Die vorgefertigte Kabelvariante musst du bei Defekt komplett tauschen. Auf Dauer (abgesehen der jeweiligen Lieferzeiten) ist der Adapter güntiger.

Und bei der Kabelvariante bist du an die Länge gebunden, auch wenn diese meistens ausreicht


----------



## chill_eule (21. April 2020)

Ganz ehrlich, wenn ich so einen Adapter an einer meiner HDDs hänge, ist noch weniger Platz richtung Gehäuse und um so mehr werden die Kabel geknickt, oder nicht


----------



## PC-Bastler_2011 (21. April 2020)

HDD ohne Adapter  = 14,5cm
HDD mit Adapter = 15,5cm

Je nach benötigter Ausrichtung gibts de auch nach unten gewinkelt
Ich brauche den Adapter, weil es nur 2 Sorten 90° gewinkelte SATA-Stecker gibt: 
1x nach unten gewinkelt ca 1cm in der breite (habe ich im Bestand)
1x nach oben gewinkelt aber doppelt so breit (oder noch etwas breiter) als die unten gewinkelten (auch davon hatte ich mir 2stk bestellt)

In meinen Gehäuse, wo mein NAS untergebracht ist, ist zwischen HDD und MB allerdings gradeso 1cm und ein bisschen Platz


----------



## chill_eule (21. April 2020)

Ich weiß nicht...

Sowas hier sieht wie jeder normale 90° SATA Anschluss aus, nur "anders" rum

DeLOCK SATA Kabel rot 0.3m, oben/gerade ab &euro;' '0,76 (2020) | Preisvergleich Geizhals Deutschland

Oder überseh ich da etwas?


----------



## PC-Bastler_2011 (21. April 2020)

genau soetwas habe ich damals wie ein beklopter gesucht, und bin dann bei dem Adapter gelandet
was auch nicht schlecht ist, da auch der Stromstecker vom NT zu groß ist


----------



## chill_eule (21. April 2020)

Stromstecker ist zum Glück kein Problem 
außer evtl. bei der SSD die hinterm Mainboard klemmt, da ist der normale SATA Stromanschluss auch ziemlich "beansprucht"


----------



## muadib (21. April 2020)

Finallin schrieb:


> Also richtige Probleme, oder einen defekt bei SATA- Kabeln hatte ich noch nie.

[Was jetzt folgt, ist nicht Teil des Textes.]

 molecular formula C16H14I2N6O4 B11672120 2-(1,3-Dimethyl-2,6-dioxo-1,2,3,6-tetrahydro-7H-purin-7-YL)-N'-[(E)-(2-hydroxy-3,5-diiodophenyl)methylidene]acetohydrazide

Aber ich konnte schon die Erfahrung machen das die ganz billigen nicht immer wirklich fest sitzen, kommt aber auch darauf an gut die "Busche" gefertigt ist.
> Ich nutze diese hier, bisher ohne irgendwelche Schwierigkeiten.
> 
> BitFenix SATA 3 Kabel 30cm - sleeved weiss/schwarz
> ...



Ich habe meist auch die vom MB mitgelieferten genutzt und habe in den letzten 15 Jahre ca. 3 defekte SATA Kabel gehabt. Mit den alten parallelen Flachbandkabeln hatte ich nie einen Defekt.


----------



## Incredible Alk (21. April 2020)

muadib schrieb:


> Ich habe meist auch die vom MB mitgelieferten genutzt und habe in den letzten 15 Jahre ca. 3 defekte SATA Kabel gehabt. Mit den alten parallelen Flachbandkabeln hatte ich nie einen Defekt.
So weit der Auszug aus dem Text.